Que QUB soit passée de station marginale à acteur sérieux, gagnant +3,5 parts de marché en un an, n’est pas seulement un signe d’évolution du marché : c’est le symptôme d’une domination qui s’est éffondrée parce qu’elle croyait être éternelle.

Et dans ce climat, l’autre bombe, peut-être la plus lourde, tombe : le 98,5 FM prévoit une perte nette de 5 millions de dollars pour 2025, et la direction sait déjà que 2026 sera encore pire.

Cela signifie qu’à court terme, Cogeco devra choisir entre deux sacrifices : réformer de fond en comble sa structure ou s’accrocher à un modèle en ruine.

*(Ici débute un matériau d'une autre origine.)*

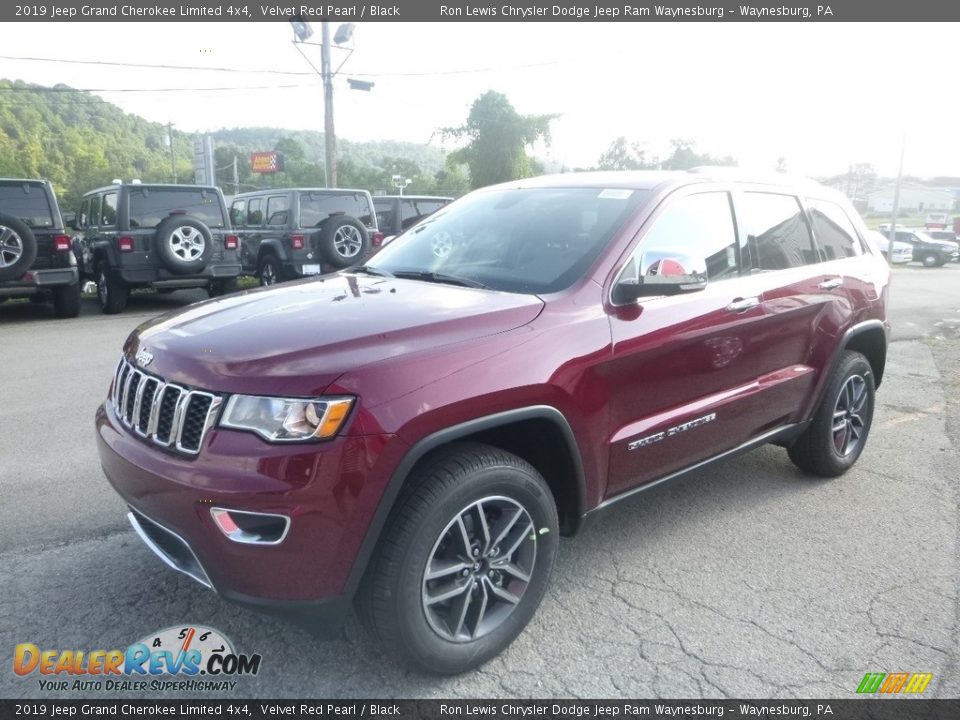 2019 Jeep Grand Cherokee Limited 4x4 Velvet Red Pearl / Black Photo #1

Le contrat radio des Canadiens, renouvelé à prix d’or en 2023 jusqu'à l'été 2026 pour protéger un prestige historique, se transforme donc en boulet commerciale, un fardeau de plus en plus lourd pour une station dont les revenus publicitaires déclinent, dont l’auditoire vieillit, et dont le leadership créatif se dissipe.

Il n’est donc plus absurde d’imaginer un futur où Cogeco perdrait même les droits radio du Canadien de Montréal, permettant à Arsenal Media, leader radiophonique au Québec et nouveai propriétaire de BPM Sports, de proposer à la LNH une offre multiplateforme à la longueur du Québec entier, plus flexible et à plus grande diffusion.

Si l’effondrement du 98,5 se poursuit au rythme actuel, on se demande comment ils vont continuer de payer un million de dollars et plus pour les droits du CH.

C’est là que Montréal voit apparaître un miroir fascinant : deux institutions qui se sont crues invincibles découvrent que l’invincibilité n’existe pas.

Deux hommes, St-Louis et Lagacé, qui se pensaient trop grands pour échouer, affrontent soudain des adversaires qui ne les craignent plus.

Deux leaders en perte de vitesse s’accrochent à de l'arroagance et de la condescendance, qui ne séduisent plus personne.

Deux publics, enfin, réclament la même chose : un changement de ton, un changement d’attitude, un changement de direction.

Et lorsque les Montréalais observent Patrick Roy transformer une équipe moribonde en armée disciplinée, pendant que Masbourian entraîne son auditoire dans un élan irrésistible, ils ne peuvent s’empêcher de regarder, avec un certain désespoir, le duo St-Louis-Lagacé, convaincus que ces deux hommes, pourtant talentueux et sincères, ne sont pas ceux qui porteront Montréal vers la prochaine étape de son récit collectif.

Les cycles s’achèvent, et les institutions qui veulent survivre doivent accepter de se réinventer plutôt que de se protéger derrière des statistiques vieillissantes ou des certitudes qui ne convainquent plus personne.

Tant que le CH continuera de défendre un système qui s’effondre, tant que le 98,5 continuera de prétendre que la fuite de son auditoire n’est qu’un orage passager, tant que les deux continueront d’avancer avec des leaders qui n’inspirent plus, la chute se poursuivra.

Et Montréal, qui n’est jamais tendre avec ceux qu’elle a aimés, finira par réclamer, avec la même impatience que dans les années sombres du Tricolore, une nouvelle voix, un nouveau souffle, un nouveau départ... que ce soit derrière le banc du Canadien ou derrière le micro du matin.